-- Data provided follows --

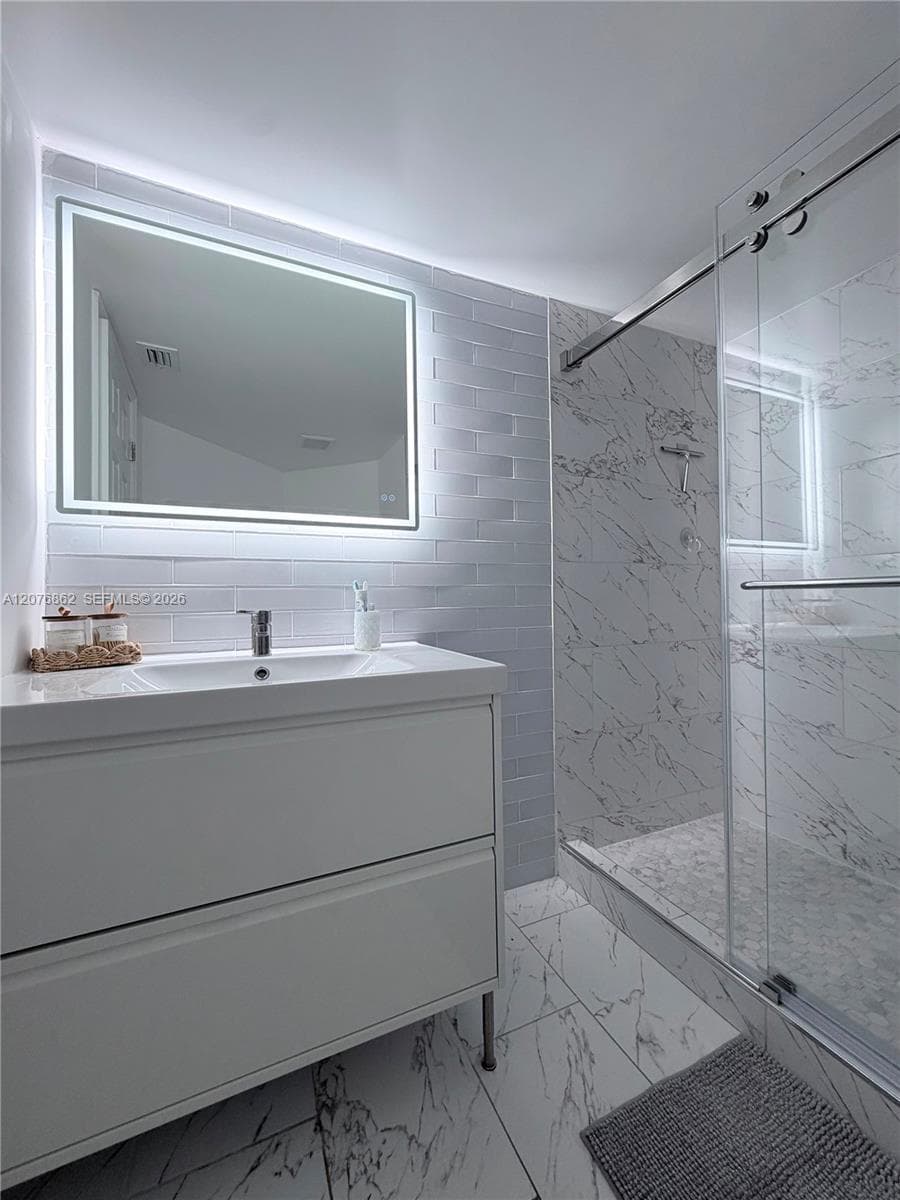 9731 Fontainebleau Blvd # F108, Miami, FL 33172 photo 9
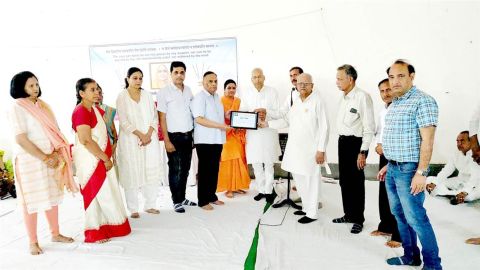 We have fulfilled the pledge of donating the eyes of Pujya Mataji Maya Devi Pandey, and her corneas were donated on April 6, 2023. During the tribute meeting organized on 8th April 2023, Dr K.K. Kanjolia (President of Eye Bank Society of Rajasthan, Kota Chapter) honoured the family members with the certificate and appreciated the eye donation.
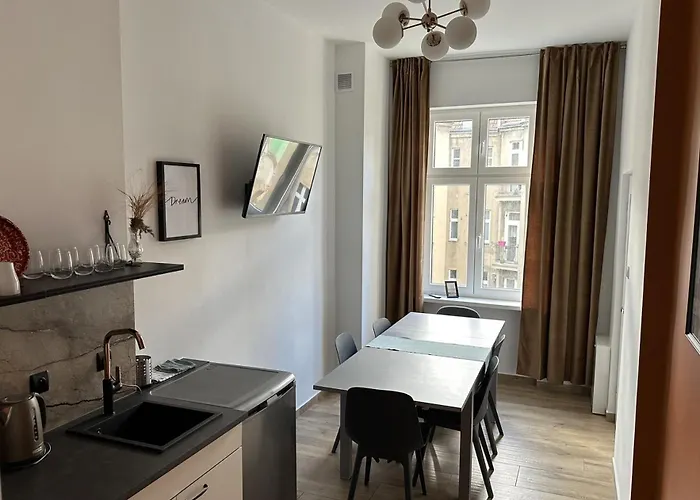 Trzecie Pietro Πόζναν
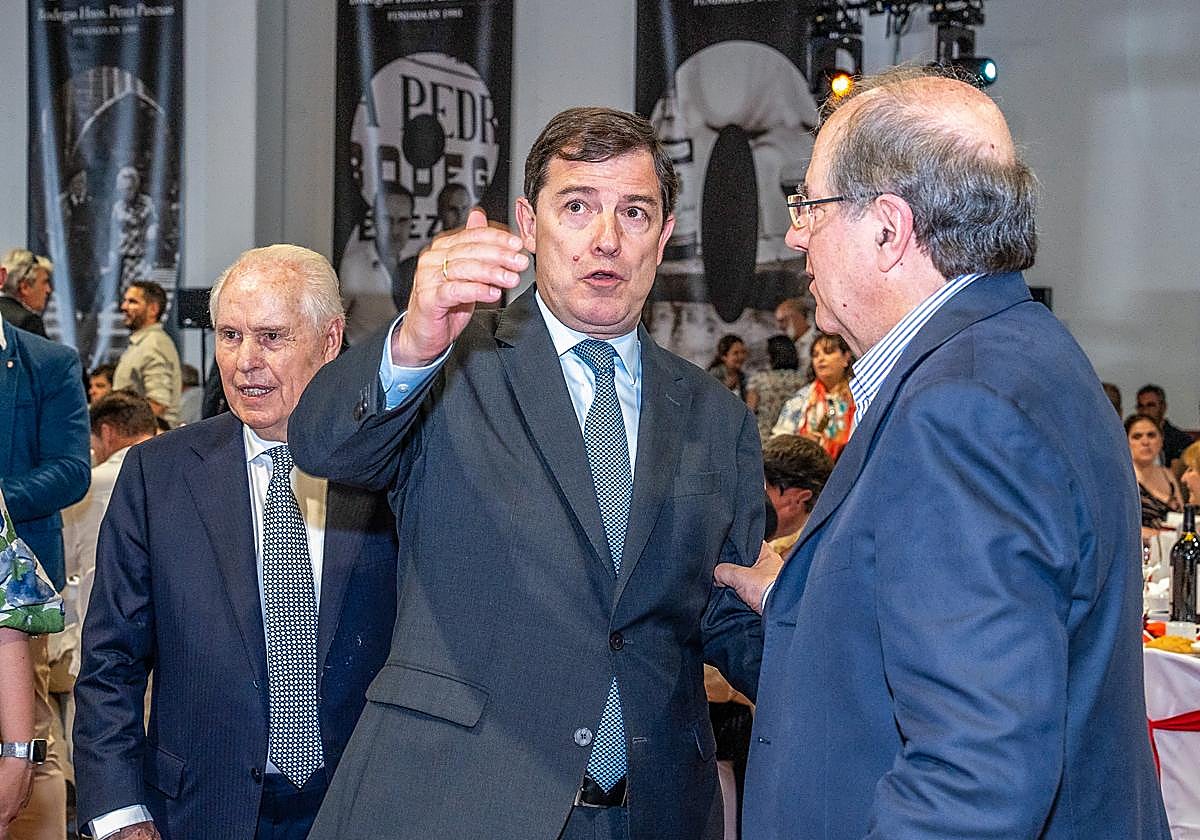 Mañueco y Juan Vicente Herrera en la celebración de 'Viña Pedrosa'.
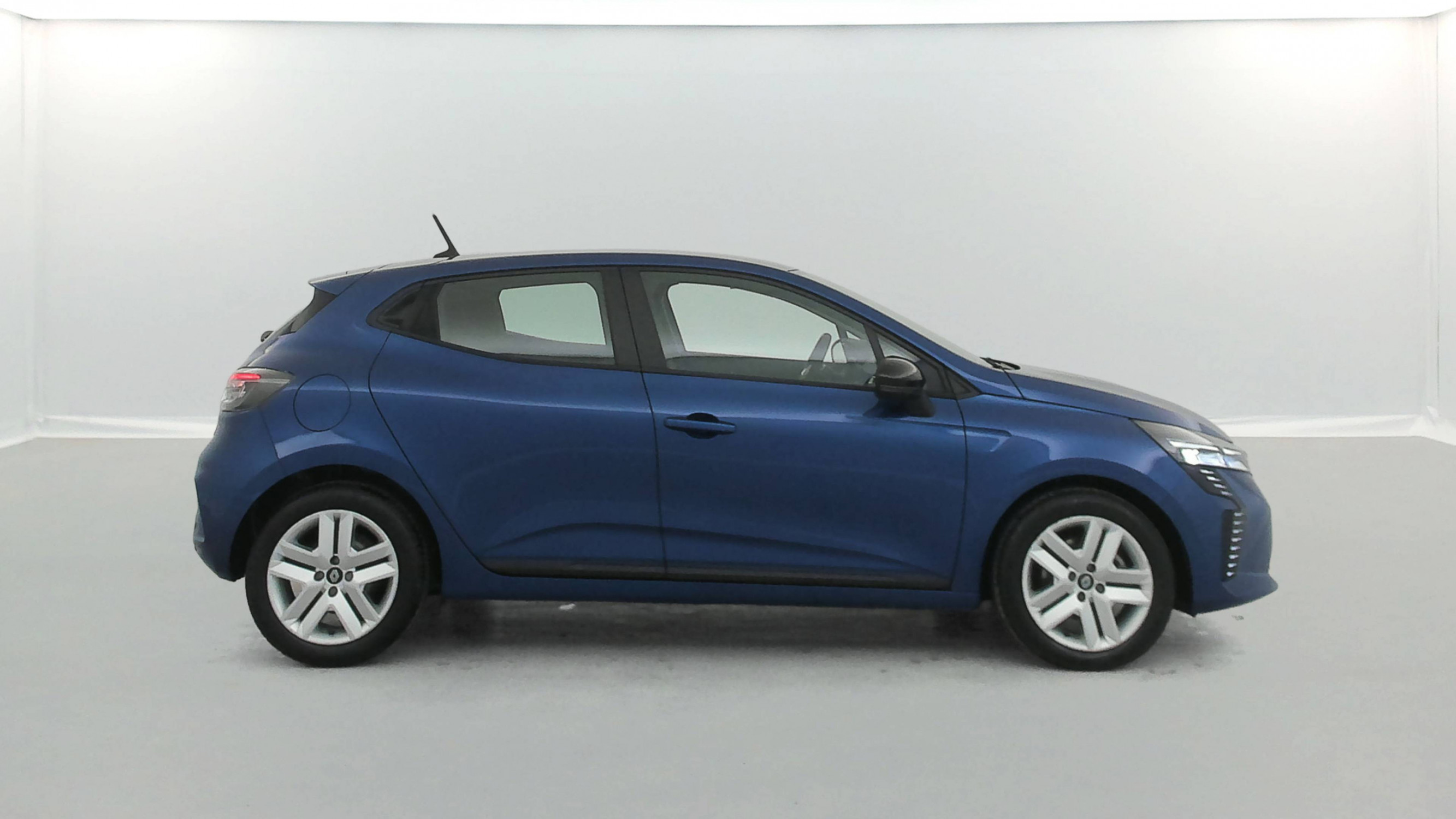 Vente en ligne Renault Clio 5 Clio Blue dCi 100 ch GSR2 au prix de 16 590 €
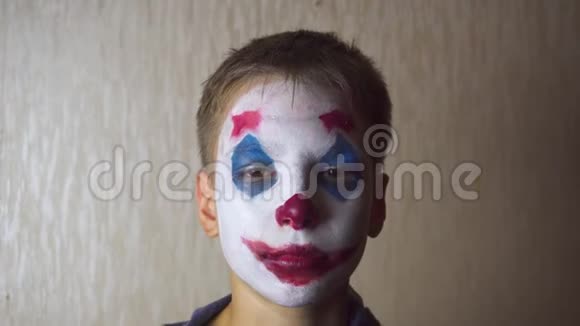 万圣节化妆小丑的男孩视频的预览图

-- Data provided concluded --

#### Action item:
Pictures stay out; reproduce every line of the records exactly.

#### Result below:
 9731 Fontainebleau Blvd # F108, Miami, FL 33172 photo 9
 We have fulfilled the pledge of donating the eyes of Pujya Mataji Maya Devi Pandey, and her corneas were donated on April 6, 2023. During the tribute meeting organized on 8th April 2023, Dr K.K. Kanjolia (President of Eye Bank Society of Rajasthan, Kota Chapter) honoured the family members with the certificate and appreciated the eye donation.
 Trzecie Pietro Πόζναν
 Mañueco y Juan Vicente Herrera en la celebración de 'Viña Pedrosa'.
 Vente en ligne Renault Clio 5 Clio Blue dCi 100 ch GSR2 au prix de 16 590 €
 万圣节化妆小丑的男孩视频的预览图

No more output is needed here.